I had a email from an lead asking for a proposal. I had to tell them no.
I wrote them back saying I wouldn’t provide a quote at this time, but would have a call with them to explain why, and give them ammunition to continue shopping SEO around.
The problem was they were asking for outdated SEO tactics to be included. I knew it would get them nowhere fast, and relationships and reputation matter more to me than money.
Here is part of my exact reply.
Why “package”-based SEO usually means you’re oversold or under-delivered
A better approach to targeting minimum word counts in blog posts
Why 300-500 word count is low and has little SEO value, so why bother?
Even if we don’t engage in SEO, I’m happy to just give you ammunition as you shop around.
Then, depending on how that conversation goes, I can give you a formal proposal.
On the call I didn’t pitch SEO National’s services once. Instead, I gave them the ammunition that I promised to help them make educated decisions as they explore SEO possibilities, including shopping quotes from other SEO companies.

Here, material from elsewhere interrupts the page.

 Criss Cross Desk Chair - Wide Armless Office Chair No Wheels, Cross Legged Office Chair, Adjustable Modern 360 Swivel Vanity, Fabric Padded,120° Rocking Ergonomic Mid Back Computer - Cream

They even asked if I can guarantee results. I told them no. But I could tell them to optimistically expect positive results based on my track record. And I gave clear case studies and data to back up what I was saying.
I gave them the reassurance they were after with the “guarantee” question, but I did it honestly and morally.
Not even 12 hours later, at 6:55 am the next day, they asked for a formal proposal. Not only that, they addressed very specific things they picked up as I was helping them on yesterday’s call, which helps me better help them.
SEO and internet marketing in general is full of excessive promises, big sales pitches, and constant under-delivery. Don’t fall for that, and don’t be that.
Trust your gut, and if you’re on the other side of the negotiations, be the person you’d want to do business with.